◆ **Data for analysis**:
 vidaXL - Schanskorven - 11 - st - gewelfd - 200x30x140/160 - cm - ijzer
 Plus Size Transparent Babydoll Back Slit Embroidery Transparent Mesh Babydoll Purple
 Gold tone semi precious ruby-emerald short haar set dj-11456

...

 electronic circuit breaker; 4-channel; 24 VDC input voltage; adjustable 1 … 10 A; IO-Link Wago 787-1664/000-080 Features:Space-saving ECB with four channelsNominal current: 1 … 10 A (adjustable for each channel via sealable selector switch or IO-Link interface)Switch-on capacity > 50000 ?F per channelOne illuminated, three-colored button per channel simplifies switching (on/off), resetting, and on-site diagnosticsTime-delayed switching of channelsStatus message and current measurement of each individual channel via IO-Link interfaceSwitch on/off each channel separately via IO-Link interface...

◆ **What to work on**:
From the material above, set down exactly the lines starting at the one with "Plus Size Transparent" and ending at the one with "Gold tone semi", end lines included.

◆ **Response**:
 Plus Size Transparent Babydoll Back Slit Embroidery Transparent Mesh Babydoll Purple
 Gold tone semi precious ruby-emerald short haar set dj-11456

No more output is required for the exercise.